(Beginning of Information supplied)

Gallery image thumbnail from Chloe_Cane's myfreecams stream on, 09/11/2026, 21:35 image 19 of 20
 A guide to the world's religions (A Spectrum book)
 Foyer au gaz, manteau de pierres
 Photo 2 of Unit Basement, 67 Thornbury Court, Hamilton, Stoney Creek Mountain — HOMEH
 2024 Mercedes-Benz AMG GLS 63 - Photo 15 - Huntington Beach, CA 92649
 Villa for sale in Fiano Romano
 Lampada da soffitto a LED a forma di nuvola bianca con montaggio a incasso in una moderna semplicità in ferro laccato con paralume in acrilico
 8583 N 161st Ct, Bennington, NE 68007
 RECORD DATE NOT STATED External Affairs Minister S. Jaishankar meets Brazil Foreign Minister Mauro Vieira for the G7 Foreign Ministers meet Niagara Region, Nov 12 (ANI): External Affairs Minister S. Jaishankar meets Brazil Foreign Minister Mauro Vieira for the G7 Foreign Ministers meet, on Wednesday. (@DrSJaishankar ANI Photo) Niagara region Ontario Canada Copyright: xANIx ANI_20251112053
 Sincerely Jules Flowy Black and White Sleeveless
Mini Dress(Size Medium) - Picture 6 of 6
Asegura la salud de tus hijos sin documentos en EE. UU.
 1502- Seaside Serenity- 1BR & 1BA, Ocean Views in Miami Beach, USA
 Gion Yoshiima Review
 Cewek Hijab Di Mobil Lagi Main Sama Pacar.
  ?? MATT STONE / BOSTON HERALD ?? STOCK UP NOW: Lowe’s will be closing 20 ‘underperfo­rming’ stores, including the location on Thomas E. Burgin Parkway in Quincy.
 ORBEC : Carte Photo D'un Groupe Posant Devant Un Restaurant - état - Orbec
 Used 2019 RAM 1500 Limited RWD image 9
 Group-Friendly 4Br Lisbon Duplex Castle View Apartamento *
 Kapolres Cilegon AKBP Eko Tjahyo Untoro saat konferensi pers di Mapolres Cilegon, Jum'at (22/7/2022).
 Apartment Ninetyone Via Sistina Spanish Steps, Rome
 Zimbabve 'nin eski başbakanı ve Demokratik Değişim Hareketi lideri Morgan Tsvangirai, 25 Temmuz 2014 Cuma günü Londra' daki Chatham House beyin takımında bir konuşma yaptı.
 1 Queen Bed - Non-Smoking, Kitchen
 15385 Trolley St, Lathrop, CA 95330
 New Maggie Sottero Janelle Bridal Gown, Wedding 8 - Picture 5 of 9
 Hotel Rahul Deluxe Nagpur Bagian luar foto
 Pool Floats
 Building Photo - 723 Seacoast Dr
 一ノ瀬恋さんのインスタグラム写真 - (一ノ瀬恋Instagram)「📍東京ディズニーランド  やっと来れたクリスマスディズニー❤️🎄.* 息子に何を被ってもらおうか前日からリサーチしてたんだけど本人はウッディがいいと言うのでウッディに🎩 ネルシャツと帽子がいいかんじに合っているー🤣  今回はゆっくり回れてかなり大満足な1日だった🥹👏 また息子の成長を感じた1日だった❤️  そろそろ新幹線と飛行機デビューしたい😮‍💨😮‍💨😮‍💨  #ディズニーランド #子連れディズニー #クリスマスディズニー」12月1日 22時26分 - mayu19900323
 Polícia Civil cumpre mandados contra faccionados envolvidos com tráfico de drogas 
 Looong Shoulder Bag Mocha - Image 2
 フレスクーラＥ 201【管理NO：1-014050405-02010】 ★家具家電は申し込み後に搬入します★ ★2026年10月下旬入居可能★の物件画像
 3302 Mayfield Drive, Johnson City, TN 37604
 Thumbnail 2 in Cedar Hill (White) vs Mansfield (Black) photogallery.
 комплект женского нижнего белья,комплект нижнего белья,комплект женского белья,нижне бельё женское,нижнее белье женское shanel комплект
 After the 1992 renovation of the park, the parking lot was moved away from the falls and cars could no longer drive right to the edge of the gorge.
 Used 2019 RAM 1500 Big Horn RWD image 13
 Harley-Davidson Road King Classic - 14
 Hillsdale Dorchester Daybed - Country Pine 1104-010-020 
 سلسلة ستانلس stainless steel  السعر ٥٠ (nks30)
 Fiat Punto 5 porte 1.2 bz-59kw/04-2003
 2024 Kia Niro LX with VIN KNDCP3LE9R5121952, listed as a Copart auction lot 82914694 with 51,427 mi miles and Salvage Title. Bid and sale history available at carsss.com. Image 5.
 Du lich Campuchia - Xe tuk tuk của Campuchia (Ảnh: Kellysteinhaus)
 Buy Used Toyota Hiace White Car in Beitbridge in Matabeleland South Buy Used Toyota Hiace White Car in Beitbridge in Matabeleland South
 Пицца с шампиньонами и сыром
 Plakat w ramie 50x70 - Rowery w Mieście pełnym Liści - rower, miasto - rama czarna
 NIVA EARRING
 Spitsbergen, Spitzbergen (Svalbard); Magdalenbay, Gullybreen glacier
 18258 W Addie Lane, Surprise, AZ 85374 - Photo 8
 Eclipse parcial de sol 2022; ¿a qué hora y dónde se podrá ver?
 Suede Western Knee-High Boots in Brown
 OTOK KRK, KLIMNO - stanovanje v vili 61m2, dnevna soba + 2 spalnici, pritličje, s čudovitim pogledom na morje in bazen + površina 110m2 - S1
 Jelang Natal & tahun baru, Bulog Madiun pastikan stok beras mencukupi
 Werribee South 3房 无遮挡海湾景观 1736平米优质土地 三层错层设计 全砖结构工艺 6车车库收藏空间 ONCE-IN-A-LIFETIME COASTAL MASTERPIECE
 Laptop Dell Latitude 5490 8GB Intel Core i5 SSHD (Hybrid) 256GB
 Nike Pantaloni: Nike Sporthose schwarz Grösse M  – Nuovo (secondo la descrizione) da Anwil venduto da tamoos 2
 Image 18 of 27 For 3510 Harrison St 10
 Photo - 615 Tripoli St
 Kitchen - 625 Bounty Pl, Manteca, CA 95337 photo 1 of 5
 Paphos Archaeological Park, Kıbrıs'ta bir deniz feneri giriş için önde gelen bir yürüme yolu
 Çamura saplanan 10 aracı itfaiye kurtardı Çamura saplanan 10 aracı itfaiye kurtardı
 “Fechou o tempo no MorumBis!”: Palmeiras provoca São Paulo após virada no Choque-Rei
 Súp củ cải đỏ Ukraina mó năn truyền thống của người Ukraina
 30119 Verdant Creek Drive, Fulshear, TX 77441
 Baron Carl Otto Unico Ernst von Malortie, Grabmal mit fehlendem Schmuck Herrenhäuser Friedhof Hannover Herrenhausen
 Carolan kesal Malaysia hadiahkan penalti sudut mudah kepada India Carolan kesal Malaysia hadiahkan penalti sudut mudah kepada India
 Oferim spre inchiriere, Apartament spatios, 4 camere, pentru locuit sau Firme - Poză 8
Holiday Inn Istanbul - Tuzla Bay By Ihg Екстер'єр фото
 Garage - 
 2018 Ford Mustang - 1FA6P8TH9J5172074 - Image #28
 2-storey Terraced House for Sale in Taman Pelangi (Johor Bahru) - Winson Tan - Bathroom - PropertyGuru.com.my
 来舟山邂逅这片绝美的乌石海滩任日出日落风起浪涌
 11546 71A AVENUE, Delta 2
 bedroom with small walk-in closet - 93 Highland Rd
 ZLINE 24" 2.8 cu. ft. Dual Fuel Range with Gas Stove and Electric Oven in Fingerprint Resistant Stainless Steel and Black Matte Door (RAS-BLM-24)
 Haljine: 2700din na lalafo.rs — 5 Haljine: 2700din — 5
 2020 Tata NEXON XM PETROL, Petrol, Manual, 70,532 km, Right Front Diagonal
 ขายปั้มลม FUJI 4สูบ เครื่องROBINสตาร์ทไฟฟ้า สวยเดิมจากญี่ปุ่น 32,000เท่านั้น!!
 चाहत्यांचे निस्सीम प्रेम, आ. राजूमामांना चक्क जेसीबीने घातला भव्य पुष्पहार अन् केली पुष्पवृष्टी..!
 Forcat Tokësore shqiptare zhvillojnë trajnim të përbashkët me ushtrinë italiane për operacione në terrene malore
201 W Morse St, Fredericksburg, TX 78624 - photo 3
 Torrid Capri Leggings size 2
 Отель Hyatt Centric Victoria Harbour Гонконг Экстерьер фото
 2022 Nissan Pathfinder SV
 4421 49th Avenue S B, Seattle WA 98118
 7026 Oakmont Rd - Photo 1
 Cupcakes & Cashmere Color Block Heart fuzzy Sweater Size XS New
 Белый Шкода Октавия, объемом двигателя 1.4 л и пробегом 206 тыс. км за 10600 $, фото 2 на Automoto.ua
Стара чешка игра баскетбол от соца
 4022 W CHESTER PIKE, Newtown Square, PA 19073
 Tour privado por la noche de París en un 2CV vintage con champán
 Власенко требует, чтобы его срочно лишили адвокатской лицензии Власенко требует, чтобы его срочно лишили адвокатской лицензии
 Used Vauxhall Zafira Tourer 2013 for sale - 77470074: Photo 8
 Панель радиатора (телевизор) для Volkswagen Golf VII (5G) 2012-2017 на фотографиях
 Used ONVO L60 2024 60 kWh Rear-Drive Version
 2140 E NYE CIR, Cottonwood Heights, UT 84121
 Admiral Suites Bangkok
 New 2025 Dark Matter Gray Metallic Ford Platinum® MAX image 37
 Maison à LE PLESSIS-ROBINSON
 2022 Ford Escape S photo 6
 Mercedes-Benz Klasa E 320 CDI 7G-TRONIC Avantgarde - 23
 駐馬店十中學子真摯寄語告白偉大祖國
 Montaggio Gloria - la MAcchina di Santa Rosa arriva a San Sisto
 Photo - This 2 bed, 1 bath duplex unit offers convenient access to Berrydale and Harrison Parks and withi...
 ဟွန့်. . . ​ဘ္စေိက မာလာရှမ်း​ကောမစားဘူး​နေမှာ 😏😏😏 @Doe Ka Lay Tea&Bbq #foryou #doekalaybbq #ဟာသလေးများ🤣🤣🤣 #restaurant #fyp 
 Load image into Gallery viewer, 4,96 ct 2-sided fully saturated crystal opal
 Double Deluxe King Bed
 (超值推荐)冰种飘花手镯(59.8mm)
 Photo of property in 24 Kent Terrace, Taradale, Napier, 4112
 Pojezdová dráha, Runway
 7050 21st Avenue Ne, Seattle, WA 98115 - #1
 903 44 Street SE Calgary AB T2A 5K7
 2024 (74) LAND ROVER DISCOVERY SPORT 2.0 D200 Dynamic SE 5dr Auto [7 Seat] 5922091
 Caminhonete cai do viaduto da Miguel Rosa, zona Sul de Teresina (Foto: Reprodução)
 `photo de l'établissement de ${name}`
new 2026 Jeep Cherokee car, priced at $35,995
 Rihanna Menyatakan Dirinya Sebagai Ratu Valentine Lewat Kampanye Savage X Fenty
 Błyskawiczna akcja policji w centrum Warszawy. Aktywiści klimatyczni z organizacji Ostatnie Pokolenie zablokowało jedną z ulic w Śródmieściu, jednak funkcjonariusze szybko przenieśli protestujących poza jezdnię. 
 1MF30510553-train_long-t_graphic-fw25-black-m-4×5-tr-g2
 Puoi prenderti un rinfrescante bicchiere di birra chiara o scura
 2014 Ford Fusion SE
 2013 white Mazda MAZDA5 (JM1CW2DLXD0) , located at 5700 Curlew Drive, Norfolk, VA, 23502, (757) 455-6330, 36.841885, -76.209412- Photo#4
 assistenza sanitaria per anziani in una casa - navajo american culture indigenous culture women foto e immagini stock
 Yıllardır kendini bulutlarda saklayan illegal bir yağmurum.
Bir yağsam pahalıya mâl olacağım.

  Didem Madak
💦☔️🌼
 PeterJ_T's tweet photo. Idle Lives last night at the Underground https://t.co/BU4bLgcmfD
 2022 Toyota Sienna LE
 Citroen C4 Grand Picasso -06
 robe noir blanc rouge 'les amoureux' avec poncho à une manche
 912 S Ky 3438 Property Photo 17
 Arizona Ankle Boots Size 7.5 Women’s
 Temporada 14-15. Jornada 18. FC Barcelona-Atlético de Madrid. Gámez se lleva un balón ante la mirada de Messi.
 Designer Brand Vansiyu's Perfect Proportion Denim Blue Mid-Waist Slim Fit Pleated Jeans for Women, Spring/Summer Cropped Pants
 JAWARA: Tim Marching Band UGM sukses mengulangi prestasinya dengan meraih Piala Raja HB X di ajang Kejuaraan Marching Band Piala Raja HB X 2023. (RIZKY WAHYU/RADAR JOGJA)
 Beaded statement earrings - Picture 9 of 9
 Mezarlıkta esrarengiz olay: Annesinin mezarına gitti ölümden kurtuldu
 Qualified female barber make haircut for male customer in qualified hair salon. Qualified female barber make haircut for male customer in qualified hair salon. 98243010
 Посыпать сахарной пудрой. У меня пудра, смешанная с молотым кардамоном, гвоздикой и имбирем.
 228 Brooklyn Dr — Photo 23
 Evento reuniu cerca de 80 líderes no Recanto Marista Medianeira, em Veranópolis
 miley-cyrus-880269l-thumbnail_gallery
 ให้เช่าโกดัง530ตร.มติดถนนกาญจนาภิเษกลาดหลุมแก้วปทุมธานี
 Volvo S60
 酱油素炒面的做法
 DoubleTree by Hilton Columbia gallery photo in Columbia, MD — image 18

(End of Information supplied)

## What this task involves
Copy task for the entries above: every line with the string "Used".

## Answer space
 Used 2019 RAM 1500 Limited RWD image 9
 Used 2019 RAM 1500 Big Horn RWD image 13
 Buy Used Toyota Hiace White Car in Beitbridge in Matabeleland South Buy Used Toyota Hiace White Car in Beitbridge in Matabeleland South
 Used Vauxhall Zafira Tourer 2013 for sale - 77470074: Photo 8
 Used ONVO L60 2024 60 kWh Rear-Drive Version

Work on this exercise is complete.